Le FLN est en crise depuis longtemps déjà. Mais il reste (avec son avatar, le RND) le parti du pouvoir. Avec ses structures sur l'ensemble du territoire national, il reste une machine absolument nécessaire et indispensable pour gagner les élections. Quelles qu'elles soient.
Dans la bataille actuelle, il semble que Saadani soit en fin de mission et qu'il est en train d'être poussé vers la porte de sortie.
Les deux missions essentielles que le clan Bouteflika lui a confiées ont été accomplies : affaiblir l'ancien secrétaire général du FLN (Belkhadem) qui montrait trop de velléités à devenir Président et le remplacer. Une fois chassé du poste de SG du FLN, il devait laisser à Bouteflika le soin de l'achever en le chassant du gouvernement et même du parti. Sa deuxième mission était de jouer les picadors afin d'affaiblir le taureau DRS et son chef Toufik et donner l'occasion au toréro Bouteflika de l'abattre en le disloquant. Mission réussie !

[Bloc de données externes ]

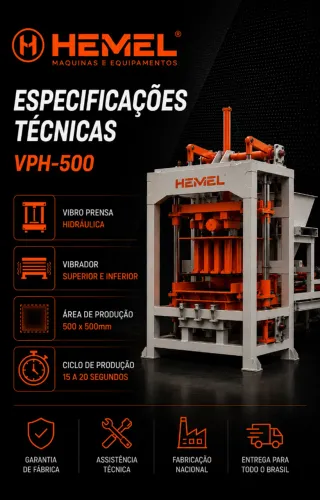 VIBRO PRENSA HIDRAULICA VPH-500 HEMEL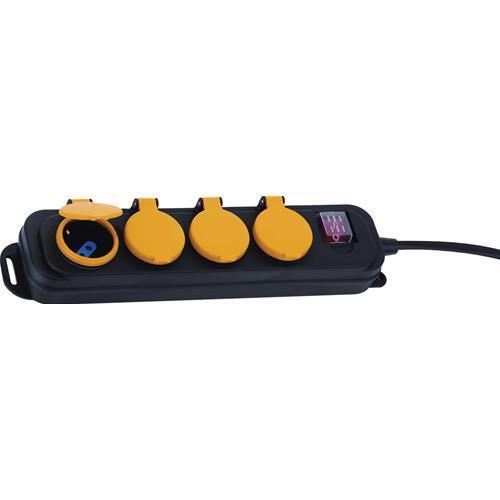 KARMA CC 9574 - Multipresa waterproof 4posti spina Schuko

Aujourd'hui, il n'est plus qu'un boulet pour le Président et son clan. Son sort semble avoir été scellé et son remplaçant désigné : Tayeb Louh. Sa mission à lui c'est de mettre le FLN, frondeurs inclus, en ordre de marche pour la prochaine élection présidentielle et la succession de Bouteflika. Concernant le FLN, l'histoire ne fait que se répéter.